Though my text messages demonstrated me being hesitant, becoming uncomfortable, me stating boundaries that he clearly crosses, and him pushing me to hang out that night, saying he wanted to “just talk”, it wasn’t enough evidence. Tyler said that my coworker claimed we had conversations that night in which we discussed what would happen and I gave consent. Apparently the text messages are not enough because I could have changed my mind in the moment.
But I think the part that bothered me the most is that he told Tyler he remembered me saying no and asking him to stop but that I also went along with it. And that is enough to make it consensual. The shame and guilt and blame trickle up again. Because he is practically saying that my “no”s and “stop”s were not enough.
It took me 5 months to officially send in my own report of this situation. And at first I regret the fact that I waited so long, but later I realized I needed to do a lot of processing on my own before I took that step.
If I hadn’t had done this on my own timing, this ending would have devastated me. But taking the time to process and to take control, step by step on my own, was essential. Because I was able to walk out of that last meeting with a fire in me for change instead of darkness. I was able to know that it doesn’t matter what my coworker said, what Tyler decided, what any other human being thinks. It does not change a single thing about me or about this situation. My circumstances do not define my identity and they do not define me.
Tyler asked me what I wanted the outcome of this report to be.
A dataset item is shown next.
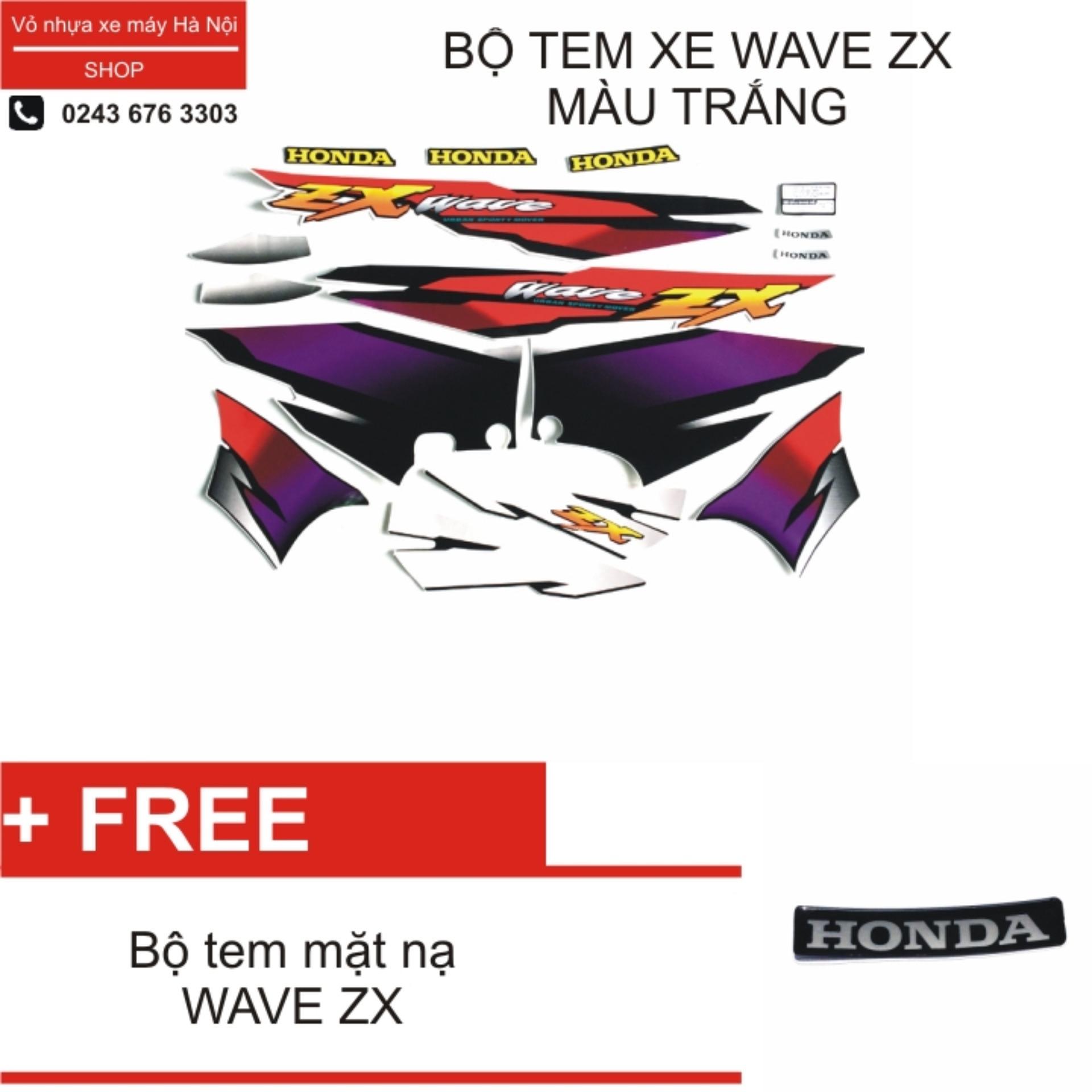 Bộ decal xe Wave ZX màu trắng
I told him that I just don’t want this to ever happen to anyone again, especially at the HPER. I want him removed from positions of power where he has influence over people, where people trust him. I wanted to do what I could to keep anyone from feeling the things that I have. Though these things didn’t happen, I did what I could. The rest is not in my hands.
No one has power to decide if what happened was wrong or okay except for me. I walked into the process with a goal and I left that room having accomplished that goal – to be heard. I made my voice heard, I fought for myself, and I took control of how I am treated. I took a tiny baby step in the direction of change that I hope to one day see for every woman on every college campus.
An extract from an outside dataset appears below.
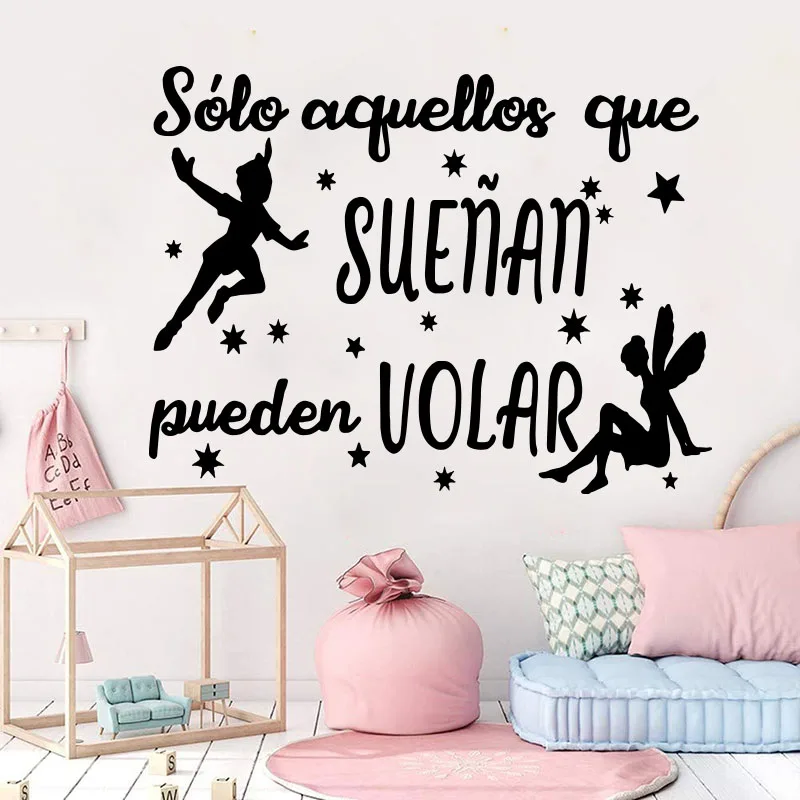 

Cartoon Spanish Peter Pan Dream Fly Wall Sticker Kids Room Playroom Fairy Inspirational Quote Wall Decal Bedroo Vinyl Decor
The entire process, the entire experience, and frankly the entire 3 years have been difficult. I was so lost and struggling so much, but throughout it all I’ve found my voice and I have found a passion for making sure that others find theirs. Through my brokenness I hope to build up those around me. Because I don’t want to tear these men down, bringing them down to their own level. I think the real victory is in building women up, making them realize their own strength.